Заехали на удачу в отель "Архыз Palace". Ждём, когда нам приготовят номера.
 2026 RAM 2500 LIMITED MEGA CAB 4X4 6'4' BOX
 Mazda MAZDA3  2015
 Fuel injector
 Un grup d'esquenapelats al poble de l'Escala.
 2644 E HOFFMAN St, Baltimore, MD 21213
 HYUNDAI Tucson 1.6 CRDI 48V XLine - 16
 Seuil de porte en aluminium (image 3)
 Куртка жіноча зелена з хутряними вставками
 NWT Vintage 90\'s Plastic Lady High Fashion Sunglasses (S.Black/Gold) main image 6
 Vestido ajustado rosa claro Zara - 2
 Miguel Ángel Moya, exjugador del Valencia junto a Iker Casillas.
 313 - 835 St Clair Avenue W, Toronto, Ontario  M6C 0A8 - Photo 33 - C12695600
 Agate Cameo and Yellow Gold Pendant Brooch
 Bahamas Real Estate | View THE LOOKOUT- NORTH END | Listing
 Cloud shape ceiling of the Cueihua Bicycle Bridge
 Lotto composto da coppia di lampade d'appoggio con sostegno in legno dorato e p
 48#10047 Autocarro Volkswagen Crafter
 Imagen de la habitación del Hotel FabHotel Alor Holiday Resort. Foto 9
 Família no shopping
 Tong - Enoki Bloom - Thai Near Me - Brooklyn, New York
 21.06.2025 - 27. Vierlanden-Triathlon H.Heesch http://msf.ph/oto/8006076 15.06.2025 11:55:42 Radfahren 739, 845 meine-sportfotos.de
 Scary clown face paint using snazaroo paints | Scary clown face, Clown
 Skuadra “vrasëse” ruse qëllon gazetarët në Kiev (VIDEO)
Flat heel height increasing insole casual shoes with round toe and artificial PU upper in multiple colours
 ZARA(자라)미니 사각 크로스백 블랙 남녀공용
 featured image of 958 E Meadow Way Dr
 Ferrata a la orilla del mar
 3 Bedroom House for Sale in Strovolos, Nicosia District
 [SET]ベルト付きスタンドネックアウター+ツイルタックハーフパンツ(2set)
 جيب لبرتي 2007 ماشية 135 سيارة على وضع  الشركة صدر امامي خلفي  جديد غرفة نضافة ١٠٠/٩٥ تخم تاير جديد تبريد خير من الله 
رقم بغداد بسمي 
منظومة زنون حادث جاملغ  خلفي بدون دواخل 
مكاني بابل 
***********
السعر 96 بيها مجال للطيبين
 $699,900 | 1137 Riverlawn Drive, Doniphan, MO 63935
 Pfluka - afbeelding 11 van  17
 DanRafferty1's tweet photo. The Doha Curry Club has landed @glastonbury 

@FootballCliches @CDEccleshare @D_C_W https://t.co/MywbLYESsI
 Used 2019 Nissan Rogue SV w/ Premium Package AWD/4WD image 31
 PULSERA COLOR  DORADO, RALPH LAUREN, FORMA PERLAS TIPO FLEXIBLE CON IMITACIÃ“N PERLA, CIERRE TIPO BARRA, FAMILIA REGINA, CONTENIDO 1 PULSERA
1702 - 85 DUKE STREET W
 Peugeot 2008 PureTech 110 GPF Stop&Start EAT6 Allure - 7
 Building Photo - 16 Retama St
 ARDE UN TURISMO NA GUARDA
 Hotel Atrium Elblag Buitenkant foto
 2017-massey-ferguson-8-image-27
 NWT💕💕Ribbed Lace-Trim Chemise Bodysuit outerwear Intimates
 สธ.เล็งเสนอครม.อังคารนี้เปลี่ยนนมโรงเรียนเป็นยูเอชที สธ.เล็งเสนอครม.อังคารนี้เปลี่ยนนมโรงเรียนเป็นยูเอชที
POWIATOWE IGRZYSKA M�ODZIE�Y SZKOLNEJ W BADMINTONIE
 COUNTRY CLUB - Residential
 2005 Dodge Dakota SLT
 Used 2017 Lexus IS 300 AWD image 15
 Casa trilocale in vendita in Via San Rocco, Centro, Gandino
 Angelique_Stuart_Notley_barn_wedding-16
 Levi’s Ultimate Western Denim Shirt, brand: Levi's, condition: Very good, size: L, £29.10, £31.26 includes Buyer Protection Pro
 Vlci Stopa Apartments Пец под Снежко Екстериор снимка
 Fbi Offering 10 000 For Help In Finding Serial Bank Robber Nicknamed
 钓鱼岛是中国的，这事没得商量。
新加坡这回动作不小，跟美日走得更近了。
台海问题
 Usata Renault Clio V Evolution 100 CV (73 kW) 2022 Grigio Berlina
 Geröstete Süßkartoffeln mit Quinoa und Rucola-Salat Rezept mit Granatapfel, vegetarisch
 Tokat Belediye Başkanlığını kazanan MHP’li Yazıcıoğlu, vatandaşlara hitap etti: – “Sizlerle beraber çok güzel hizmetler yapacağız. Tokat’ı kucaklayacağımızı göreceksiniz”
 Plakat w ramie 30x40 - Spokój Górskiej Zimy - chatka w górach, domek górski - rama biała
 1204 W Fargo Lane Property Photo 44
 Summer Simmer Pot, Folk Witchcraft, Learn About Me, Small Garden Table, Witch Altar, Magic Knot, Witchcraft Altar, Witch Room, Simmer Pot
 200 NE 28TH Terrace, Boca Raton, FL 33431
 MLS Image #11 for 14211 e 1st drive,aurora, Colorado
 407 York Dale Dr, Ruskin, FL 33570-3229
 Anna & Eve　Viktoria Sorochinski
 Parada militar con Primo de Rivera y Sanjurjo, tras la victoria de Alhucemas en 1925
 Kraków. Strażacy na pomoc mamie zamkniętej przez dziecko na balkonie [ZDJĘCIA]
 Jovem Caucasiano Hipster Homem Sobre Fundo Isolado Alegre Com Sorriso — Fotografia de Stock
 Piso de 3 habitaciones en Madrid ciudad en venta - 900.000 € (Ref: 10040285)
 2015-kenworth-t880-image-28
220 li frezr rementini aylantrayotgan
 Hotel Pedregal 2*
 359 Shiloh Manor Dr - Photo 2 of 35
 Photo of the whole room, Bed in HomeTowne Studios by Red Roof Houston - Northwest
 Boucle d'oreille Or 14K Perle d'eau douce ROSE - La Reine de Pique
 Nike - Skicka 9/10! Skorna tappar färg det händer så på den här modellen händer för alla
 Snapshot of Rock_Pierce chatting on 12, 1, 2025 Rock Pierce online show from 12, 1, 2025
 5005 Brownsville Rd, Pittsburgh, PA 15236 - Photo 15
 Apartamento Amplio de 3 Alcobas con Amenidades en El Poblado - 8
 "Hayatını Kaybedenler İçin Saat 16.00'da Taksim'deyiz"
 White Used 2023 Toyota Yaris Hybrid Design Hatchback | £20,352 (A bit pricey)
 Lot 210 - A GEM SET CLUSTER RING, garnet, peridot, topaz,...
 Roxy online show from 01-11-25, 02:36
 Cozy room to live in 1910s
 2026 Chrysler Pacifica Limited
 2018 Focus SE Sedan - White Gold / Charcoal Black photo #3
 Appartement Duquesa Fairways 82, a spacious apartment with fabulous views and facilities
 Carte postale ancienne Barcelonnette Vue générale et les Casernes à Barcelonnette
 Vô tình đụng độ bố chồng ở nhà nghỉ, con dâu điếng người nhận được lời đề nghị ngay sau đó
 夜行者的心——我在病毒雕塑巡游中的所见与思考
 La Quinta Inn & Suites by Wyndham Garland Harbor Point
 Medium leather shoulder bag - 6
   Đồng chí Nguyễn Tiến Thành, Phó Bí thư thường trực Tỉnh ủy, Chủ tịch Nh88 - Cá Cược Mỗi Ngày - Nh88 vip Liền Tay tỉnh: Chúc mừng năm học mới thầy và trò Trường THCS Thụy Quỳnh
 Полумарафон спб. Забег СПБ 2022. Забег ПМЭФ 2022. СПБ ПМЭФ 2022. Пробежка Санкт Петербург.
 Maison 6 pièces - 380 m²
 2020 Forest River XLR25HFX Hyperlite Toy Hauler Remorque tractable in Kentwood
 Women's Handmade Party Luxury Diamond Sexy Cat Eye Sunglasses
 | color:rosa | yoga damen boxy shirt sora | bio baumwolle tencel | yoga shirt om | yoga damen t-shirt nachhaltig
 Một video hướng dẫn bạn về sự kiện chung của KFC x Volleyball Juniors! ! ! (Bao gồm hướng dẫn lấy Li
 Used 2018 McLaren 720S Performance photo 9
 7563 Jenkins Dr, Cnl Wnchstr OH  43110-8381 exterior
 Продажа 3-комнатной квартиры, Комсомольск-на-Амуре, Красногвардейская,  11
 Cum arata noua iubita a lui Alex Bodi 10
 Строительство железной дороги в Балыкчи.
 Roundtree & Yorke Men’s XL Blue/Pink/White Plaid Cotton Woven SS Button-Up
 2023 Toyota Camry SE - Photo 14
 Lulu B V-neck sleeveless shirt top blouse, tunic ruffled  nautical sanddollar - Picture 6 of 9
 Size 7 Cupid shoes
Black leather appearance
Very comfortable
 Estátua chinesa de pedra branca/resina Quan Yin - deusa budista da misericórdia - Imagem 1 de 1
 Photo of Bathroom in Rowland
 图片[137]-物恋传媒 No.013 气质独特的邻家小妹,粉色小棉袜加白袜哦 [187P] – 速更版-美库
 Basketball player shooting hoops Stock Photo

# WHAT YOU NEED TO DO
From the records above, return each line that includes "Gold".

# ANSWER FOR THIS EXERCISE
 NWT Vintage 90\'s Plastic Lady High Fashion Sunglasses (S.Black/Gold) main image 6
 Agate Cameo and Yellow Gold Pendant Brooch
 2018 Focus SE Sedan - White Gold / Charcoal Black photo #3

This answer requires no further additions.